Informasi ini masih didalami polisi.
Polisi memeriksa Reza Arap untuk menyelidiki kematian Lula. Pemeriksaan berlangsung sekitar empat jam, mulai pukul 23.00 WIB hingga 03.46 WIB.
“(Ada) 30 pertanyaan (yang diberikan),” ucap Kasat Reskrim Polres Metro Jakarta Selatan.
Total ada enam saksi yang diperiksa. Polisi juga meminta klarifikasi dari rumah sakit terkait riwayat kesehatan Lula.

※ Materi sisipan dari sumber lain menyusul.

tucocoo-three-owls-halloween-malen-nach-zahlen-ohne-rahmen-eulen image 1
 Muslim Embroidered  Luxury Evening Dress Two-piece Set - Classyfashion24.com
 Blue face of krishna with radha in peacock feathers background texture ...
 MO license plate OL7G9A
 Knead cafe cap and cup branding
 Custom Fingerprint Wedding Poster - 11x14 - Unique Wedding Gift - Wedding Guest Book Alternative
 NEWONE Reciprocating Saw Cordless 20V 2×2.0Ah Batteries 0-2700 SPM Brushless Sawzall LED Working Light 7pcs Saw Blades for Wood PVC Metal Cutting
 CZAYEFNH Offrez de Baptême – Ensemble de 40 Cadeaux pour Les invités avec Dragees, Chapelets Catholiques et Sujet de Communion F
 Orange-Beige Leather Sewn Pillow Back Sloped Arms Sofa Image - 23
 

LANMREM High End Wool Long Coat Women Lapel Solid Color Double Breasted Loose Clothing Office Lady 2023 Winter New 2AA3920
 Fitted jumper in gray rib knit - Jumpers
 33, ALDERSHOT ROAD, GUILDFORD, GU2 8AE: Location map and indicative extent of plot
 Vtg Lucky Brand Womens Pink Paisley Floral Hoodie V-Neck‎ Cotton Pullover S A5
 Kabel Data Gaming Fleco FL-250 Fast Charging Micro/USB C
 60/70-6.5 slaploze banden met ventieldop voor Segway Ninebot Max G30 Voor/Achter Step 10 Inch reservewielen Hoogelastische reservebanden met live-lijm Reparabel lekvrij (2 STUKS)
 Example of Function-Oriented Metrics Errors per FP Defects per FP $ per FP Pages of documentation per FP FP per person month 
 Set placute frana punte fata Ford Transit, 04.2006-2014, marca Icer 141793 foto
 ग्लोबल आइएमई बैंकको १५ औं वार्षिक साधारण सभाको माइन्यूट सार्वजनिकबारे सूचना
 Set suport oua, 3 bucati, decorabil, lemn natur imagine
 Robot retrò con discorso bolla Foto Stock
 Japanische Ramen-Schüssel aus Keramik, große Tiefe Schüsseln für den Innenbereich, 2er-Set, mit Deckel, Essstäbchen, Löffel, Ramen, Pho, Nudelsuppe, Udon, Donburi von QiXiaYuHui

ART Lula mengaku sempat mendengar Lula mengerang kesakitan sebelum ditemukan meninggal.
Menurut ART, Lula pulang ke apartemen pada Kamis (22/1) sekitar pukul 22.00 WIB. Sekitar pukul 02.00 WIB, ART mendengar suara erangan.
“Terus jam 2 dini hari, ART mendengar dia kayak kesakitan. Setelah itu jam 9 atau jam 10 pagi bangun diketok-ketok kamar nggak dibuka,” kata Kabid Humas Polda Metro Jaya.
Lula sempat menjalani operasi batu ginjal. “Almarhum itu habis operasi batu ginjal ya, tanggalnya lagi dicek ke RSPI, habis operasi batu ginjal, sama asam lambung akut,” ujar Kabid Humas Polda Metro Jaya.